StreamSplat proposes a fully feed-forward online dynamic 3D reconstruction framework that enables instant generation of dynamic 3DGS representations from uncalibrated video streams, achieving 1200× speedup over optimization-based methods through three key innovations: probabilistic position sampling, bidirectional deformation fields, and adaptive Gaussian fusion.

Background & Motivation¶

Real-time dynamic 3D reconstruction (4D reconstruction) is critical for robotics, AR/VR, and autonomous driving. However, existing methods suffer from fundamental limitations:

Offline Dependency: Mainstream dynamic 3DGS methods (e.g., 4DGS, DGMarbles) require access to complete video sequences and undergo hours of per-scene iterative optimization, including multi-stage pipelines of camera calibration → static Gaussian optimization → deformation field learning → temporal fusion.

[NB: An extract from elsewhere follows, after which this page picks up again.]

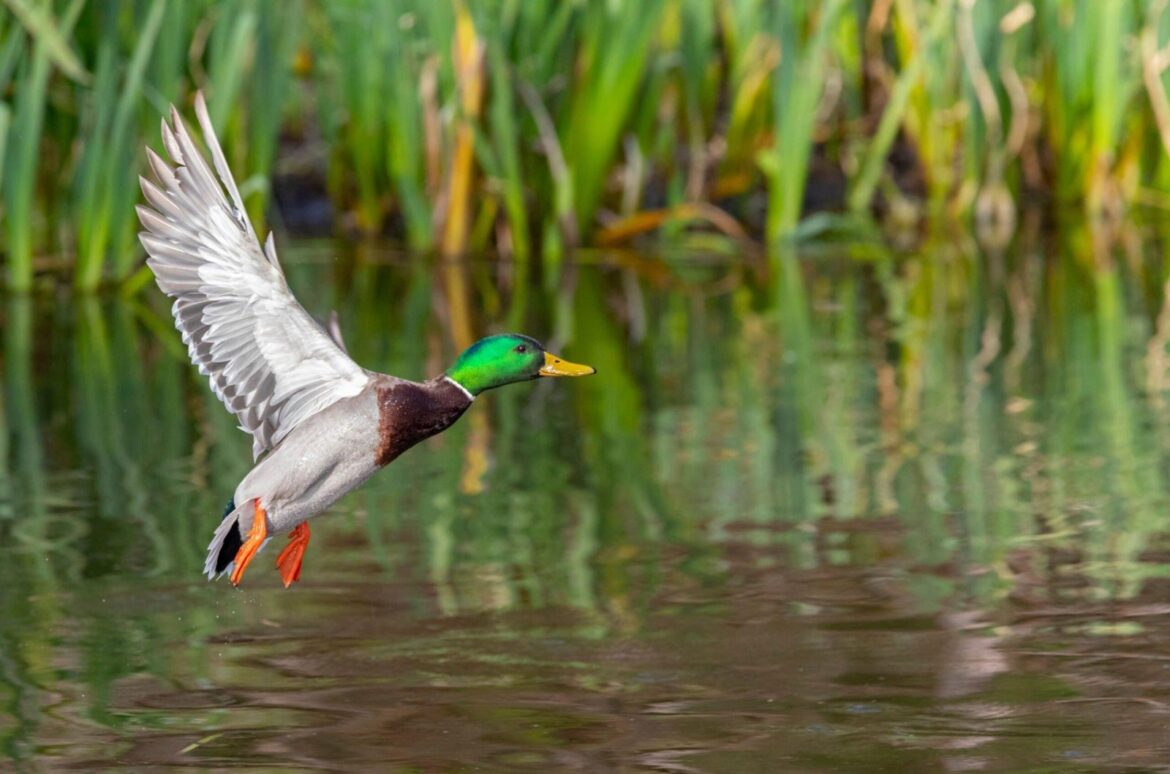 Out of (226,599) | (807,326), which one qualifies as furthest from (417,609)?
(807,326)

Poor Real-Time Performance: Even state-of-the-art methods require 30 minutes to 24 hours to process a single scene, precluding deployment in real-time applications.

Calibration Requirements: Nearly all methods require pre-calibrated camera parameters.

Limitations of Feed-Forward Methods: Existing feed-forward 3DGS methods (pixelSplat, NoPoSplat, StreamGS) support only static scenes; dynamic variants still require calibration and full-sequence access.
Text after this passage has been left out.